For nearly two decades, Gallup has been measuring employee engagement, and the numbers have been pretty pathetic. Back in 2000, only 30 percent of employees were considered “highly engaged,” and 18 years later, after spending literally billions of dollars on engagement surveys and programs, we’ve only managed to increase that number to 34 percent. Two-thirds of our workforce is less than fully engaged, and at the rate we’re going, we’ll need more than 300 years to reach 100-percent engagement.
So, why are we spinning our wheels? We’re not making progress because we have been trying to solve the wrong problem all this time. We have assumed that engagement is rooted in happiness and job satisfaction; thus, our surveys and action plans focus on improving happiness, and we hope engagement will follow. The truth is engagement and happiness are two different things, and (perhaps more importantly) they aren’t even that related.
The key insight that we’ve been missing is that engagement is fundamentally a function of success, not happiness. When you create an environment where everyone can be successful – including experiencing personal success and success within their job role as well as contributing to the success of the enterprise – then you will have high employee engagement. Happiness and satisfaction may go along with engagement, but not always.
When you start interfering with employee success, you will also start to lose engagement. For example, if your employees don’t have the resources they need to be successful, or key people in other departments are simply horrible at collaborating, or red tape gets in the way of serving the member or customer, then your people will feel like they are spinning their wheels, and engagement will drop.
While engagement surveys mean well, they end up distracting us with data on people’s likes and dislikes rather than identifying the underlying patterns that are generating the dissatisfaction in the first place – patterns that lie deep inside your workplace culture. Those culture patterns are the missing link, and until you can find and fix the culture patterns that are interfering with success, engagement will not improve.

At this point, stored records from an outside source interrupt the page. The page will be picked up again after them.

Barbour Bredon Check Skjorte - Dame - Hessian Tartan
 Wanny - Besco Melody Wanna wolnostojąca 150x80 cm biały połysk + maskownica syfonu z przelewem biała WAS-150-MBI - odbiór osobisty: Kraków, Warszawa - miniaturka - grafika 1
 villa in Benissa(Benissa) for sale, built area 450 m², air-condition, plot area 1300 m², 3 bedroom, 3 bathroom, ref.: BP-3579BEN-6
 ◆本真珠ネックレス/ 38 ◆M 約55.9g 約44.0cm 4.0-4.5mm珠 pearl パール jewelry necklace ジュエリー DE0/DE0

That’s where training comes in. Under the old model, engagement surveys might reveal that your employees are unhappy about the amount of professional development and training they are receiving, and perhaps you’d use those data to argue for an increase your training budget. That’s missing the point. The sentiment about how much training is the right amount distracts you from the real challenge: identifying the specific areas where training will address the underlying culture patterns that are getting in the way of success. When you spend your training dollars in those areas, you are far more likely to see an increase in employee engagement.
For example, a small nonprofit’s staff was divided evenly between employees who worked at the headquarters office in Washington, DC, and employees who worked remotely across the entire United States. When the organization did a deep dive into its culture, it uncovered some important patterns that revolved around this split between HQ and remote workers. The system was working fairly well, but it was being slowed down by underlying distrust between the two groups and a consistent failure to address important issues directly, particularly across the HQ/remote divide.
The organization addressed this challenge, in part, with training. Twice each year, it brings the entire staff together for strategy work, team building and professional development. One of these gatherings devoted a full day to conflict resolution training for the staff. Leaders wanted all employees to do a better job having tough conversations on a regular basis rather than ignoring them, which is pretty easy to do when you don’t share a workspace. Once they started addressing their conflict on a regular basis, the trust issues began to go away (you’d be surprised at how much easier it is to trust people when you work through your issues without the drama!), and, more importantly, performance improved. In other words, they started to be more successful, and as their success grew, so did their employee engagement.
The sooner you abandon your attempts to make your people happy and focus instead on making them successful, the sooner you’ll be able to start unlocking the potential of a fully engaged workforce. Once you can clearly connect your training interventions with that success and engagement, it will be easier to grow your training budget next year.